I run six video streams in two locations, recorded by ffmpeg running on Raspberry PIs (four ffmpeg instances on one machine, two on another).
I use the camera’s event detection to send snapshot images to a Jetson Nano running Yolo V3. Yolo scans each 1920x1280 image in ~1 second. Probabilities above a threshold generate alerts, including the static image and a link in to the video archive.
So, with this configuration a single Jetson Nano can easily keep up with six or more cameras. And the modular architecture makes it easy to add or remove video- or image-servers as needed.
Are you sending exactly 1 picture from the Raspberry PI to the Jetson Nano? And what’s the point of sending 1 picture, because a person/dog/cat may appear a little later, for example, after 1 second. For example, I open the door, the camera captures the movement “opening the door” and only after 1 second I appear as a human being.
If the image is sent from 6 cameras at the same time, then the Jetson Nano will process it for 6 seconds, right?

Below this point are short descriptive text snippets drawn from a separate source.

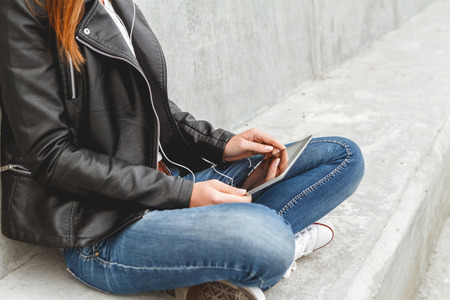 Girl with a tablet and headphones in hands sits on a concrete wall. Online education studentsの写真素材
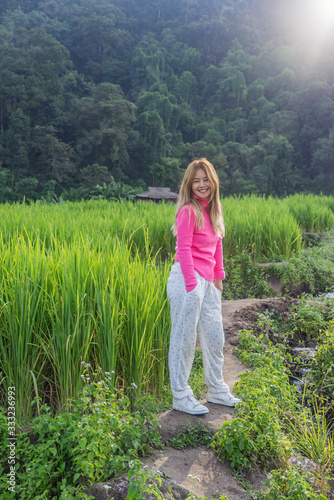Asian woman in pink sweater smiling in green rice field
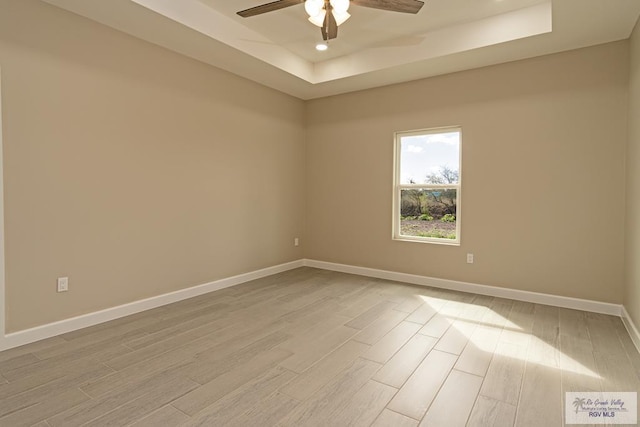 unfurnished room with a tray ceiling, light hardwood / wood-style flooring, and ceiling fan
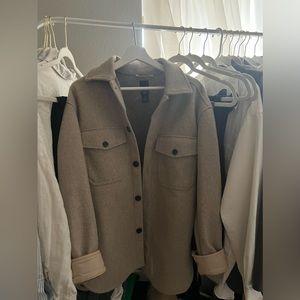 Tan mid length shacket/shirt jacket.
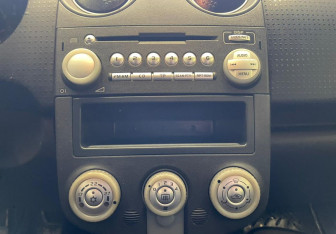 Подержанный автомобиль Mitsubishi Colt Hatchback 2007 года (12 фото)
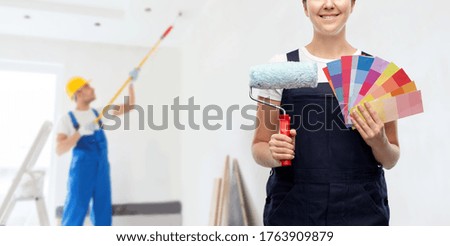 repair, construction and building concept - close up of happy smiling female painter or builder with paint roller and color charts over man painting ceiling background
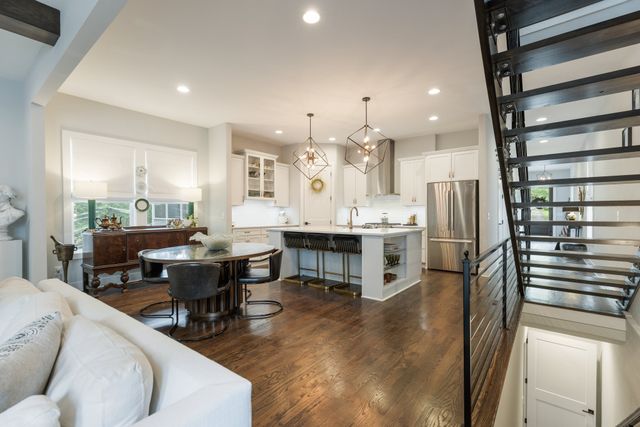 a bedroom with a bed and a table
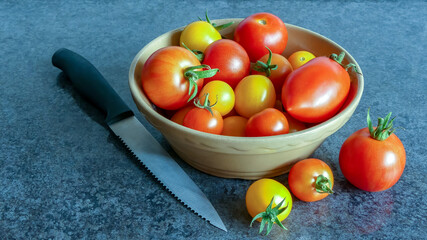 Freshly harvested organic mixed tomatoes. In a simple brown glazed bowl, sitting on blue grey marble. With others on surface and a serrated edged kitchen knife. Interior landscape with selective focus - 450535433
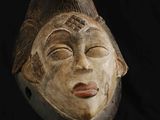 une image représentant un masque en bois sur fond noir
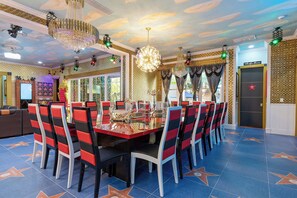 A dining area with a long table, red and black striped chairs, and a chandelier.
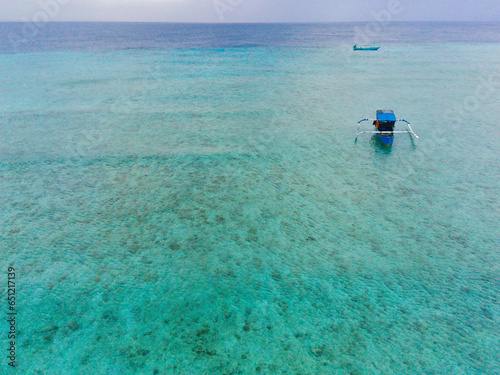 Drone photo of traditional fishermen boats in the blue and clear waters of Pulau Tabuhan, Banyuwangi, Indonesia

The cameras have motion detection within their firmware. Mine are all Dahua but I pretty sure that Hikvision and others do the same.
The snapshots go directly from the cameras to the Nano, not via the Raspberry PIs. And, yes, I do send more than one snapshot, for the reasons you describe. There is a minimum delay between snapshots, set in the cameras. I use 5 seconds in most cases.
I have a maximum of two cameras covering the same physical space, so it’s unlikely that I will have more than one snapshot per second (a zombie invasion, approaching the house on all sides, would overload the Nano… but by that time notifications would be too little, too late).
If the ~1 second processing time is too long it could easily be reduced, by using a different Yolo model, by changing Yolo’s parameters or by reducing the snapshot size. But my experience is that Yolo generates MUCH more accurate results with the large image and full model, so I’m happy with the ~1 sec processsing time.